Yuşa aleyhisselam zamanında, Allahü teala bir kavmi helak etti. O kavmin içerisinde kırk bin salih Müslüman, altmış bin de asi, günahkâr insan vardı. Melekler, (Ya Rabbi, asileri helak edelim, ama abidleri [çok ibadet edenleri] ne yapalım?) diye sordular. Allahü teala, (Onları da beraber helak edin) buyurdu. Melekler, merak edip hikmetini sordular. Allahü teala, (Bunlar, benim kötü dediklerime kötü demediler. Kötülerle yiyip içtiler ve dost oldular. Onlara emr-i maruf yapmadılar. Onlar ateşe giderken, kurtarmaya çalışmadılar, dinimi tebliğ etmediler. Yüzlerini bile ekşitmediler. O halde, hepsini helak edin) buyurdu. Dolayısıyla herkes tarafını seçtiği hayatın hesabına da azabına da ortaktır. Öyle ki yaşadığımız dünya nasıl bir istikamete gidiyor, bunu anlamak mümkün değil!
Dicle’nin kenarında bir kuzuyu kurt kapsa hesabı Ömer’den sorulur diyen yüce mizaçlı mübarek zatların bıraktığı dünya bu değil!
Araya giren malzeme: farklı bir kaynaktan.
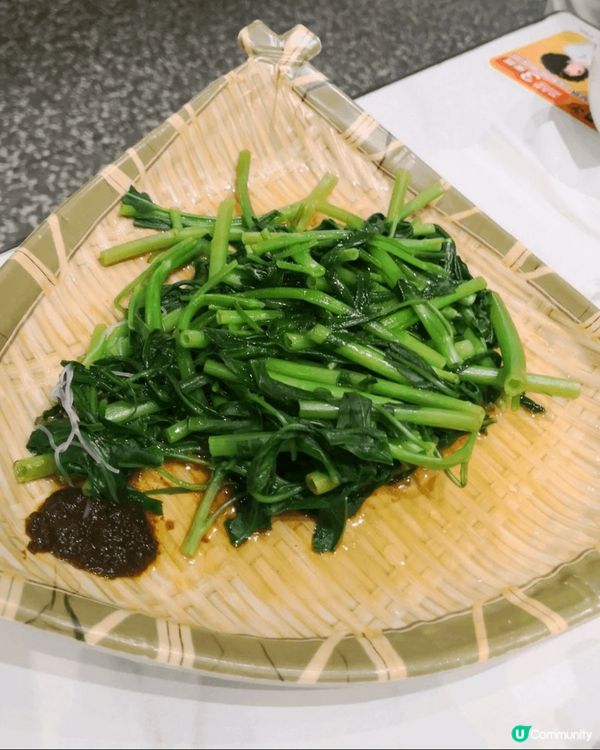 今次想推薦亞參雞飯食，確實隻海南雞真係好滑，一d都唔鞋口，而...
Dinli dinsiz herkese sahip çıkan, dünyanın öbür ucunda bir mazlumun olduğunun haberini aldığında fedailerini gönderen şanlı insanların bıraktığı dünya da bu değil.
“Bir insan bile ateşte yanmasın” diye yaşlı anasını, babasını, hamile hanımını ve hasta evladını bırakıp yalın kılıç sefere çıkan o mübarek insanların bıraktığı dünya ise hiç değil!
“Komşusu açken kendisi tok yatan bizden değildir” düsturunu her zaman baş tacı etmiş Müslümanlar bu değil!
“Müslümanlıkla yoğrulan yurdu Müslümansız bırakma Allah’ım!” diyen yanık gönüllü insanların hayalini kurduğu Müslümanlar da bu değil!
Kanlar içinde toprağa kendi eliyle koyduğu, “yüzünü son bir kere göreyim” diye eğilip alnından öptüğü yavrusuna, “inşallah ebediyette buluşuruz!” diyen yanık gönüllü babaların sırtını dayadığı Müslümanlar ise hiç değil!
“Gece yatmadan önce yanağımdan öpmeden yatağına gitmezdi yavrum!” dediği kızını kendi eliyle toprağa veren vakarlı duruşuyla, gözünden tek damla yaş akmayan yüce gönüllü babaların ufuklara bakarak ümitle beklediği gerçek Müslümanlar da bu değil!
Kendine “bütün herkes vefat etti, bir tek sen mi kurtuldun?” diye sorulduğunda, “herkes kurtuldu, bir tek ben kaldım!” diyen kutlu babaların beklediği İslam âlemi bu değil!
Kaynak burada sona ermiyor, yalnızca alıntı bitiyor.